Eric asked: does the cinder manage API even support managing qcow2 using the NFS drivers? He suspects that maybe we don't. So, if not, we should continue not to support this!
rosmaita: look into whether we already don't allow an operator to manage a NFS driver volume that's a qcow and report back
keystone "trusts" support in cinder
The context for this is that there's an etherpad collecting operator pain points to assess the feasibility of having a "fix some pain points in your project" community goal (that is, each project fixes its own pain points instead of trying to find an openstack-wide pain point to address). This patch is on the list: https://review.opendev.org/c/openstack/cinder/+/785362
It's still not clear that the problem reported requires trusts. I'd rather use service tokens, which we already support, and are less complicated.
rosmaita: leave a comment on the patch and/or associated bug explaining this and asking for a reason why what's proposed *cannot* be accomplished via service tokens
surfacing backend info to operators
The context for this one is a patch that is using the 'disabled_reason' field of the volume service to explain why replication is disabled on the backend, which seems to be an unintended use of that field: https://review.opendev.org/c/openstack/cinder/+/791281/5/cinder/volume/manager.py#636
GirishChilukuri explained: During initialization of replicated backend's because of some reason any of the site may be down and we are setting service replication_status as disabled. So to give info to user we are using disabled_reason to explain why replication is disabled. We could see "disabled_reason" is used during failover to update the reason, So we have used the disabled_reason field to update replication status.
Some points that came up during discussion:
- this is not an appropriate use of disabled_reason on a service
- surfacing this info (particularly about replication status) is a common use case across drivers
- not clear that the service object is the place this should be recorded, though
Girish and team will make a proposal for how to surface this info, consulting with other driver developers (simondodsley from Pure expressed some interest)
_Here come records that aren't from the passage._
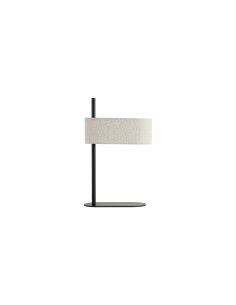 Searchlight® I Настолна лампа Hessian, черен метал с ленен абажур I 1 x E14 - EU30501BK - Цена | LEDs4economy 2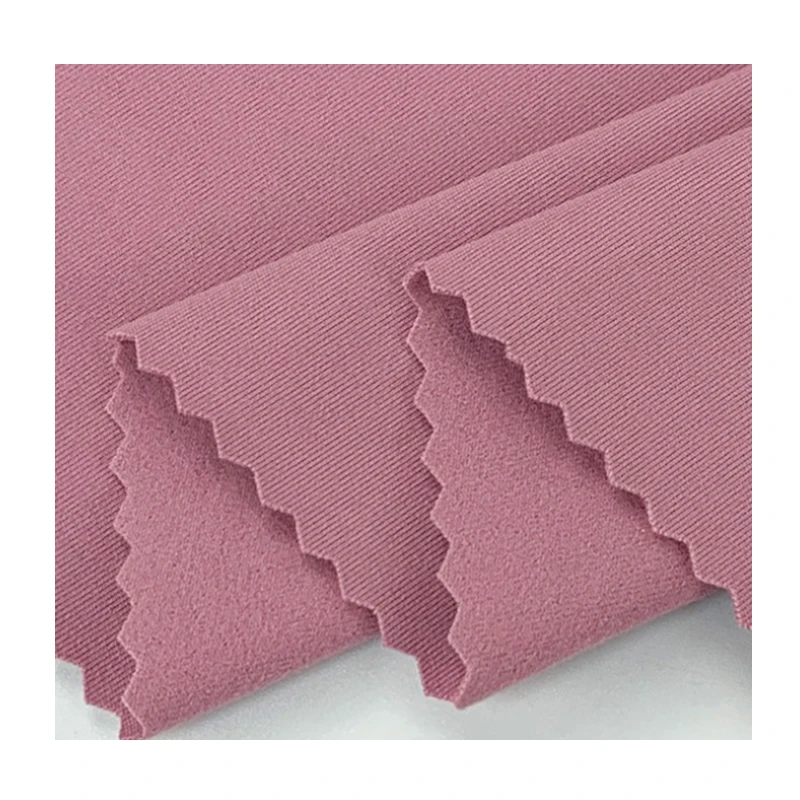 
Hot sale Skin friendly comfortable 79% polyester 21% spandex 240gsm single peach Yoga fabric 
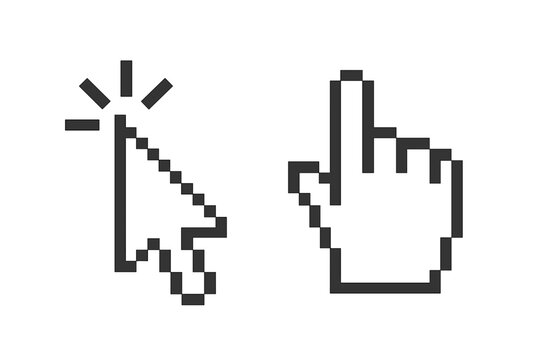 Pixel cursor icons set. Computer mouse pointer hand and arrow. Retro 8-bit click symbol for web design. Vintage select button vector illustration for UI UX interface.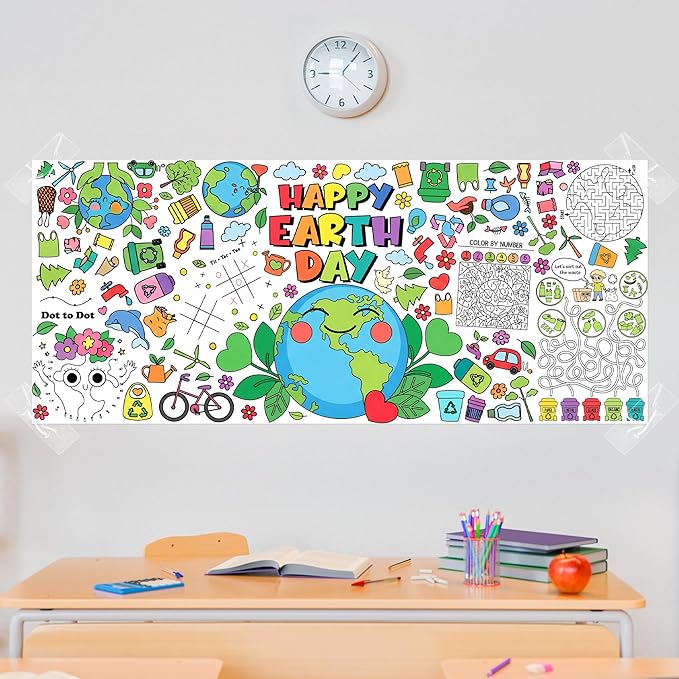 Dvbonike 2Pcs Jumbo Happy Earth Day Coloring Activity Poster - Planet Mini Fun Games DIY Drawing Color-in Paper 55.1 x 23.6 Inch Blank Doodle Art Banner, Home School Educational Event Party Supplies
general project maintenance issues
- We have some small patches addressing mostly testing infrastructure that need to be reviewed and merged, the sooner the better:
- third-party CI
- Request: looking for anyone interested in helping to monitor third-party CI. This could be ideas, follow-ups, managing, and more.
- issues noted
- no one seems to have followed up on adding the 'autogenerated' tag to Gerrit comments so that they can be easily filtered in the "new" gerrit interface: http://lists.openstack.org/pipermail/openstack-discuss/2021-May/022733.html
- the third-party CIs seem flakier than ever in terms of reliability and responsiveness
- need to enforce 'supported' status more carefully
- mypy patches need review
- Eric's not going to stop, so you might as well review these so we can get them merged and start taking advantage of the type-checking goodness mypy will give us
- Xena features!
- This week is R-9; feature freeze is R-5
- we are tracking them via Launchpad blueprints: https://blueprints.launchpad.net/cinder/xena
- if you're working on a feature, make sure you have a BP filed to help prioritize reviews
- if you have a BP filed and it's not showing up in the list, contact rosmaita to get it included
everyone: read through and act on the above!